To directly test the effect of thyrocyte stimulation by TSH on the ability of TG to facilitate de novo T3 formation, we collected secretion from the rat thyrocyte cell line, PCCL3. Ordinarily, these cells are grown in the presence of TSH at a concentration of 1–10 milliunits/ml (25, 26). Under standard cell culture conditions, PCCL3 cells cannot iodinate their own secreted proteins; however, upon collection of the secretion followed by iodination in vitro, de novo T3 formation was readily detectable within TG (Fig. 4A). We cultured PCCL3 cells for several days in two concentrations of TSH that differed by an order of magnitude (10 and 100 milliunits/liter). TG secreted from PCCL3 cells after exposure to the higher TSH concentration consistently exhibited greater potential for T3 formation upon iodination in vitro (Fig. 4B, quantified in graph below the blot). Recently, a specific small molecule agonist of the TSHR, MS437, was described to activate Gαs, which mimics TSH in turning on downstream target genes (27). Upon growth of PCCL3 cells in the presence of MS437, in vitro iodination of secreted TG led to a marked increase in de novo T3 formation (Fig. 4C, quantified in graph above the blot). Stimulatory G proteins in thyrocytes activate adenylyl cyclase, which catalyzes cAMP synthesis (28).

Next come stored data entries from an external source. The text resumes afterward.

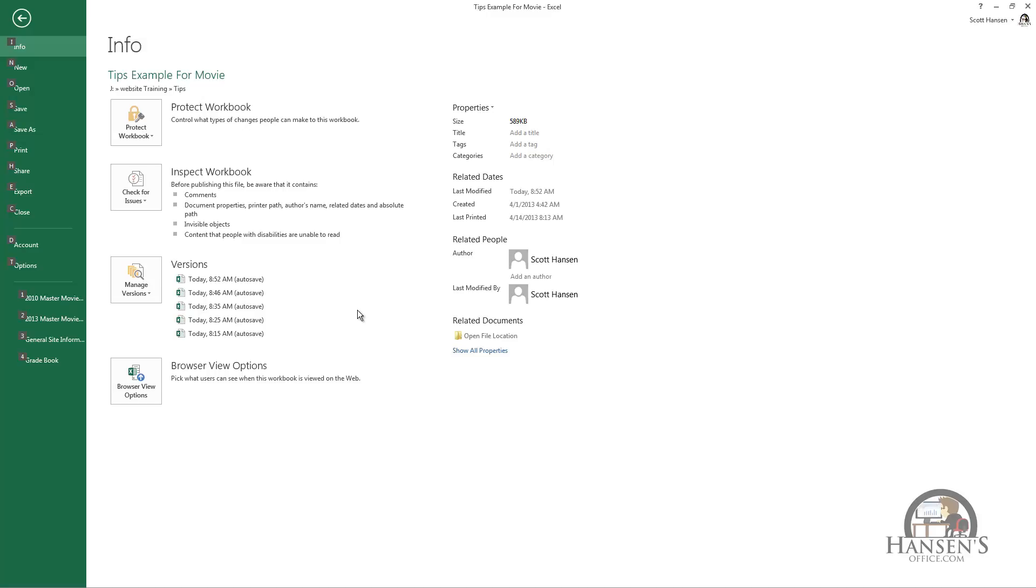Excel will systematically, periodically save changes that you make in your workbook that you can revert back to. And should you close Excel without saving the last changes you made, Excel will retain the last autosaved version as an unsaved draft version for four days for you to revert back to.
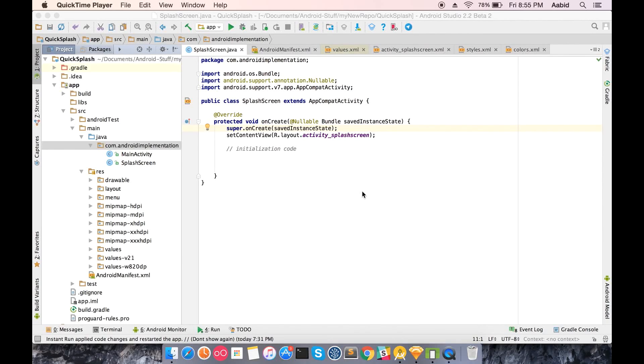Hello friends and welcome to Android implementation. In this video we will be demonstrating how to implement a splash screen in your Android application in the best possible manner.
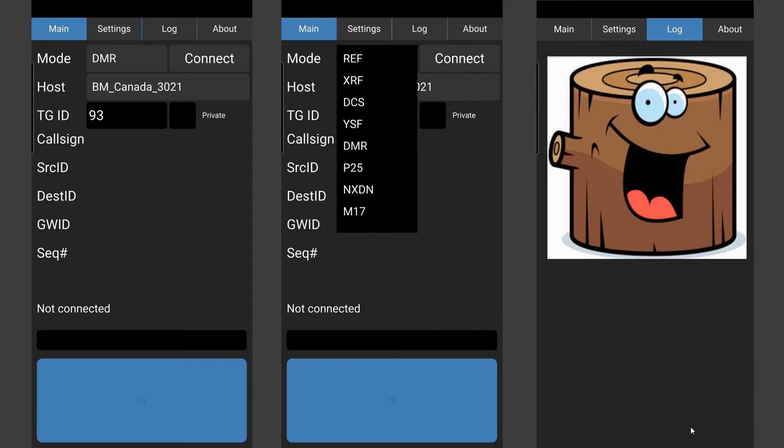So there's your typical settings there. The center screen shows the different modes that are available. I've tested it with DMR and DSTAR. What they show as REF here.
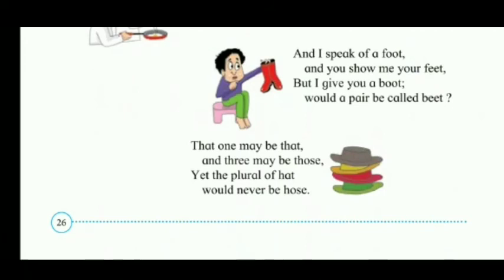That one may be 'that' and three may be 'those', yet the plural of hat would never be hose. If it's one hat, we call it hat. If there are many, we call them hats. Just like 'that' becomes 'those', you might think hat becomes hose — but no, the plural of hat is hats, not hose.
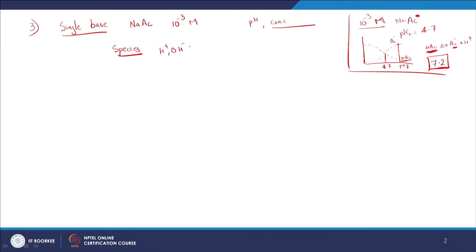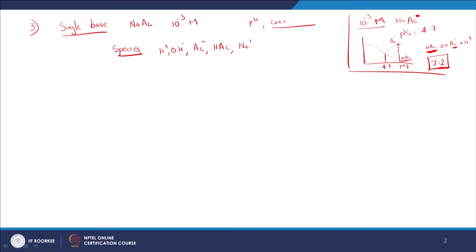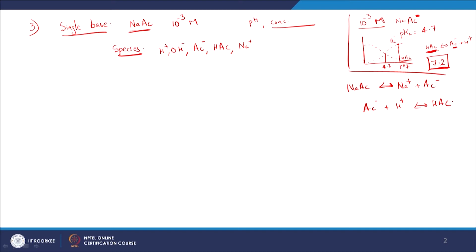So the species for this system are certainly H⁺ and OH⁻ - we always have them in water since these are aqueous solutions. Then we have the deprotonated form Ac⁻, which is what we are adding, and we will have the protonated form HAc. I am not sure if HAc will be present at significant levels, but I will include it. And obviously because we are adding sodium, we are also going to have Na⁺. The key equation is: NaAc dissociates into Na⁺ plus Ac⁻, and Ac⁻ plus H⁺ can go to HAc.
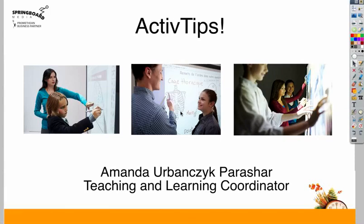Let's take a look at what's new in ActiveInspire 1.7. I'm Amanda Urbanczyk-Parashar, Teaching and Learning Coordinator at Springboard Media. And you can see I changed my name. I just got married.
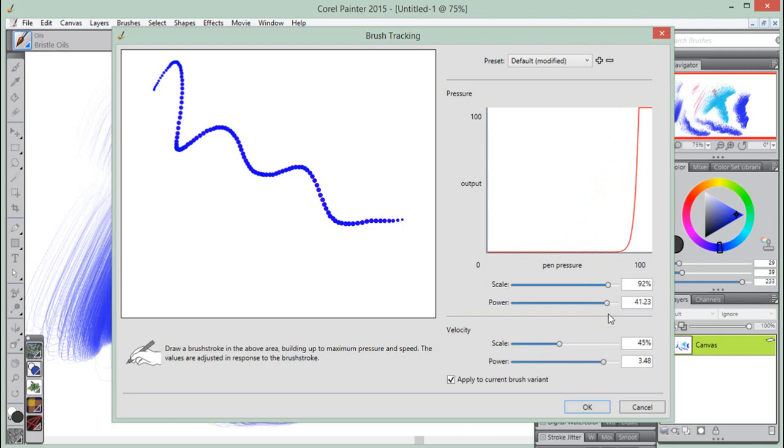As a general rule, to achieve a full pressure range with a softer or harder touch, move the scale and power sliders in the pressure area.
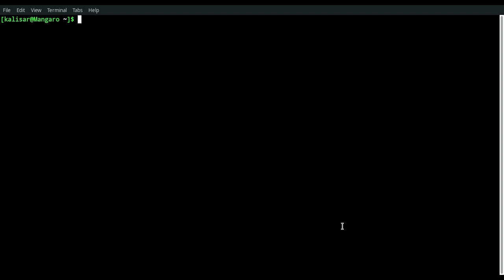Hello everybody. Welcome back to another episode of Kalisar. This is going to be a quick video on how to change your hostname.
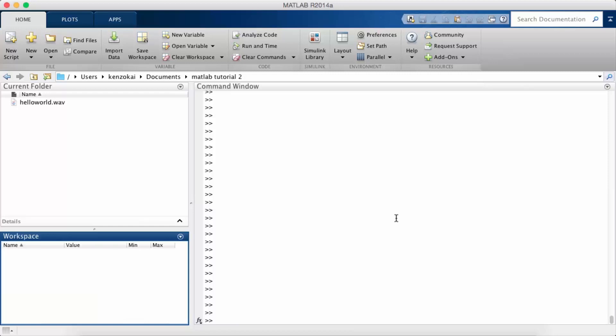In this tutorial we're going to talk about sound processing in MATLAB. For this tutorial there are no toolboxes needed.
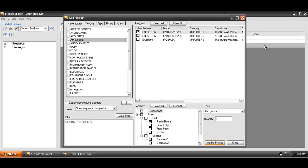Behind me here in the project data matrix, the product has now been added. Notice that each one of these products has checkboxes, so you could technically add multiple products at one time to a location, or one product to multiple locations.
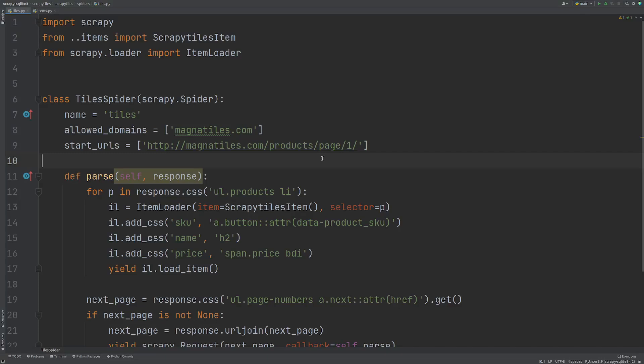This is a Scrapy project I did recently that saves the name, SKU, and the price of some products from a website. We want to store this in an SQLite database and to do that we need to use pipelines.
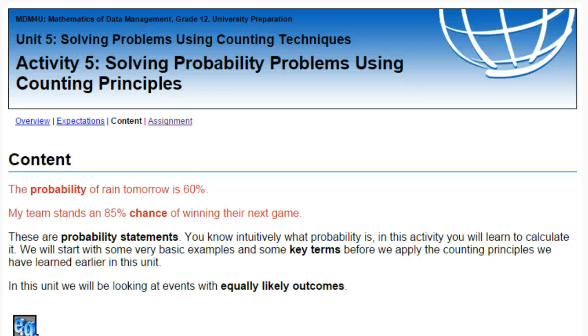Hello data managers, this is Mr. Dunbar and today we'll be looking at Activity 5 in Unit 5, where we're going to be solving probability problems using counting principles.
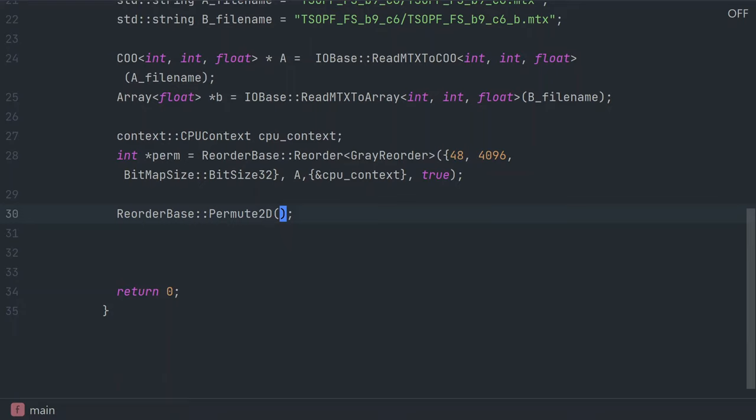We make the call to the permute2d function, pass it the permutation array, and the matrix A itself, and whether or not A is allowed to be converted if need be.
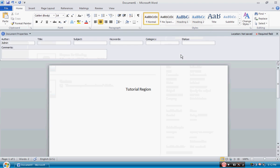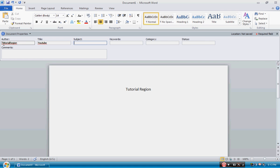From here you can see the author - Tutorial Region, title - YouTube, subject - panel, keywords - Tutorial Region, category - tutorial, and copyright - I guess do whatever you want - and finish draft. Very basic thing.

Upon incubation of PCCL3 cells in the presence of dibutyryl cAMP, in vitro iodination of secreted TG again demonstrated increased de novo T3 formation (Fig. 4D, quantified in the graph above the blot). These data strongly suggest that TSH, working through TSHR, stimulatory G proteins, and cAMP production, alters the intrinsic ability of TG to form T3 upon TG iodination.

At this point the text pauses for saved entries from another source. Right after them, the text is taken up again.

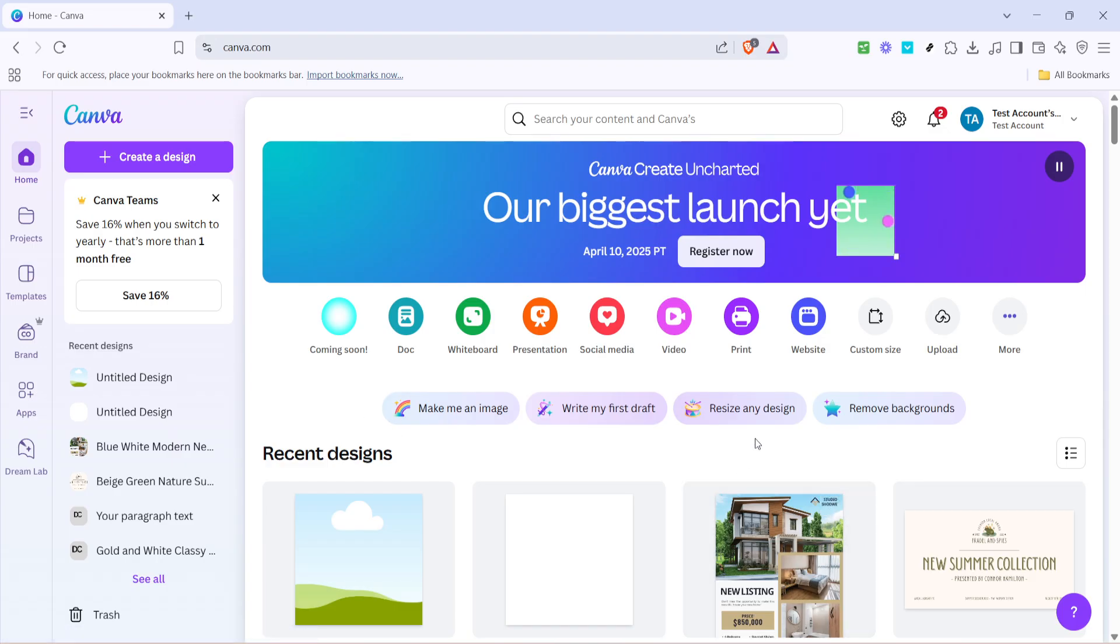First off, you'll want to have Canva open on your computer, so go ahead and log into your account. If you're new to Canva, you'll find it incredibly intuitive and user-friendly.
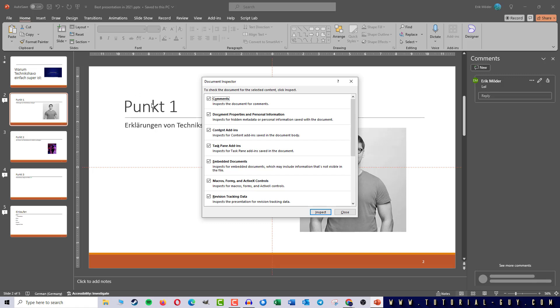But for this tutorial only the comments are interesting for us. So I make sure that this box is checked and click on Inspect.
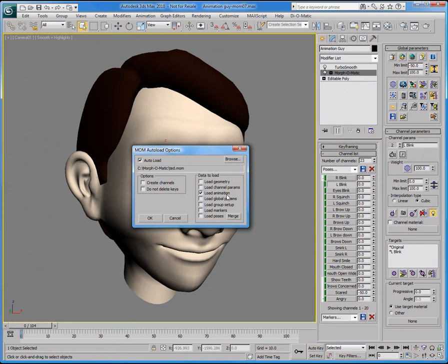This is quite useful in the assembly stage of a production, where you would put together the various animations, such as the facial and the body animations.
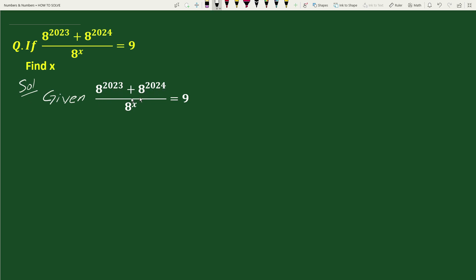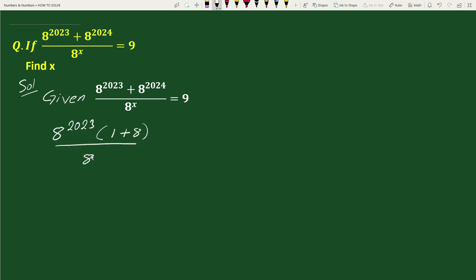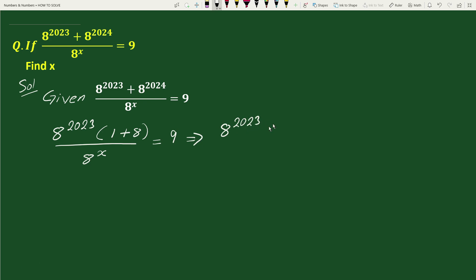Taking out the common factor from the numerator, we can write this as 8 to the power 2023 times (1 plus 8), divided by 8 to the power x, equals 9. This simplifies to 8 to the power 2023 times 9, divided by 8 to the power x, equals 9.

There are several significant post-translational modifications that may have structural consequences on TG synthesized in TSH-stimulated thyrocytes, which may impact its hormonogenic potential, including de novo T3 formation. These include the following: increased N-linked glycosylation (29) promoted in part by stimulation of oligosaccharyl transferase activity (30) and up-regulation of N-acetylglucosaminyltransferase 1 (31); increased complex sugars added in the thyrocyte Golgi complex including galactose (32); a marked decrease in the level of α2,6-bound sialic acid (33); down-regulation of tyrosine sulfation (34); increased formation of dityrosine cross-bridges (35) that can form non-disulfide-linked covalent TG dimers (36) and also increased TG phosphorylation (37), which can occur within TG carbohydrate, phosphotyrosine, and phosphoserine residues.
Recently, Fam20C was identified as a secretory pathway kinase that phosphorylates hundreds of secreted proteins, with a marked preference for Ser residues within the consensus sequence Ser-X-Glu/phospho-Ser (38). We observed a TSH dose-dependent 3-fold stimulation of Fam20C mRNA levels in PCCL3 cells (Fig. 5A). To examine the potential contribution of increased Fam20C mRNA on de novo T3 formation in TG, we eliminated this increase using siRNA knockdown of Fam20C in TSH-stimulated PCCL3 cells (Fig. 5B). Upon in vitro iodination of secreted TG, TSH-stimulated cells with knockdown of Fam20C showed significantly less de novo T3 formation (Fig. 5C, quantified in D). Moreover, treatment with calf intestinal phosphatase to dephosphorylate TG secreted from TSH-stimulated PCCL3 cells decreased de novo T3 formation in TG by 26% (data not shown). Taken together, these data suggest that TG phosphorylation (37) is one of the TSH-stimulated post-translational modifications that contribute to altering the structure of TG to increase de novo T3 formation within TG.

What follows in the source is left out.